El "dúo dinámico" bajo la lupa estatal
La gobernadora no necesitó de traductores ni de discursos diplomáticos para asegurar que una eventual candidatura de la senadora con licencia, Andrea Chávez, equivaldría a entregar las llaves del estado al crimen organizado y al cobijo de Adán Augusto López. La sacudida alcanzó también a Montiel, a quien Campos acusó de "suspirar" por la gubernatura chihuahuense y de operar en contubernio con las organizaciones que azotan la Sierra Tarahumara, justo en los territorios donde la violencia no da tregua. Todo esto sazonado con el recuerdo de aquella estampa aeroportuaria donde la hoy jefa de Morena caminaba con evidente subordinación detrás de los pasos de "Andy" López Beltrán.
Entre esquirlas mediáticas y "chihuahuitas"
Mientras la metralla política caía en la capital del país, la respuesta no se hizo esperar en el terreno digital, donde huestes de creadores de contenido y opinólogos de origen chilango reactivaron su campaña de cabecera. Con el tierno insulto de "chihuahuitas" y un desconocimiento geográfico que confunde el desierto con la frontera, intentan armar una narrativa de defensa desde la comodidad del centro del pais.

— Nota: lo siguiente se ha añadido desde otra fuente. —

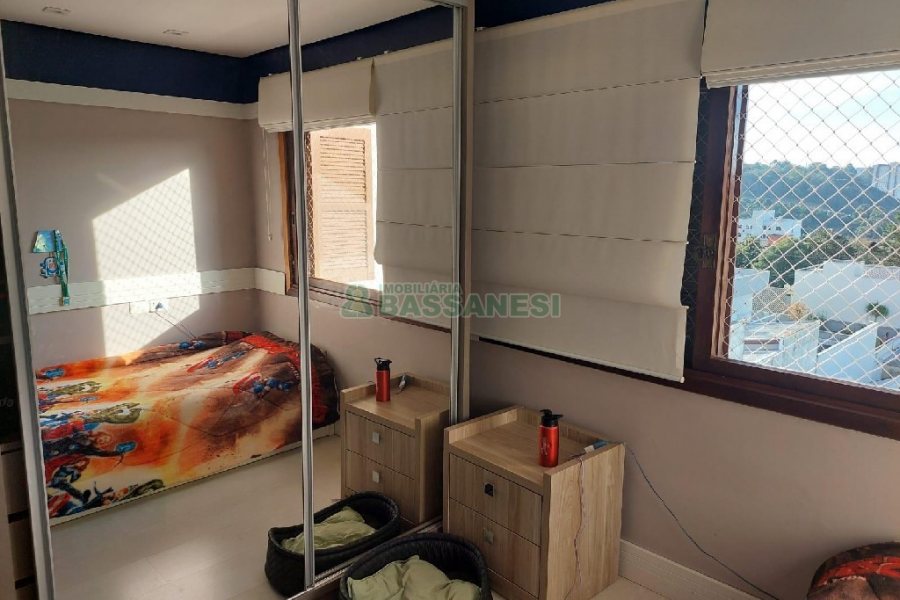 Apto Mobiliado com 117m², 3 dormitórios, 2 vagas, no bairro Cruzeiro em Caxias do Sul para Comprar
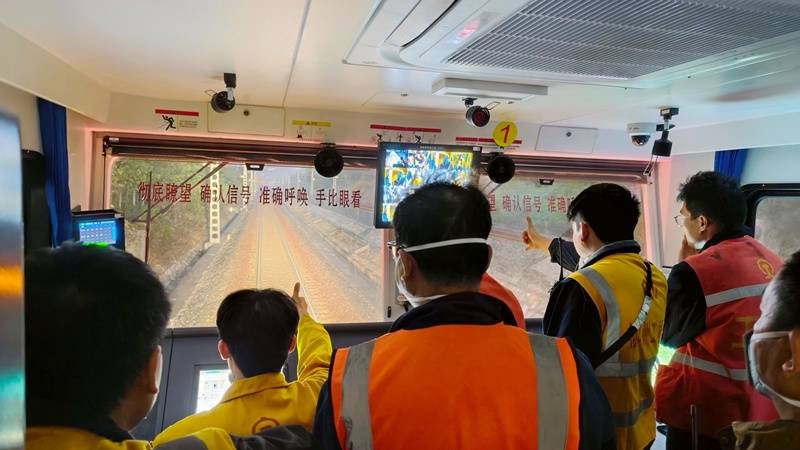 新春走基層丨鋼軌“美容師”守護春運平安路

El escenario de cara a la sucesión
El mensaje de Campos fija una postura de confrontación abierta que rompe cualquier puente de transición tersa hacia el relevo estatal. Al pintar el panorama electoral con los colores del narcotráfico y la complicidad, la gobernadora chihuahuense eleva la apuesta en un escenario donde la frase "entre mujeres te veas" se queda corta ante un conflicto que promete convertirse en una guerra de desgaste absoluto antes de que empiece formalmente la carrera por la silla del Palacio de Gobierno.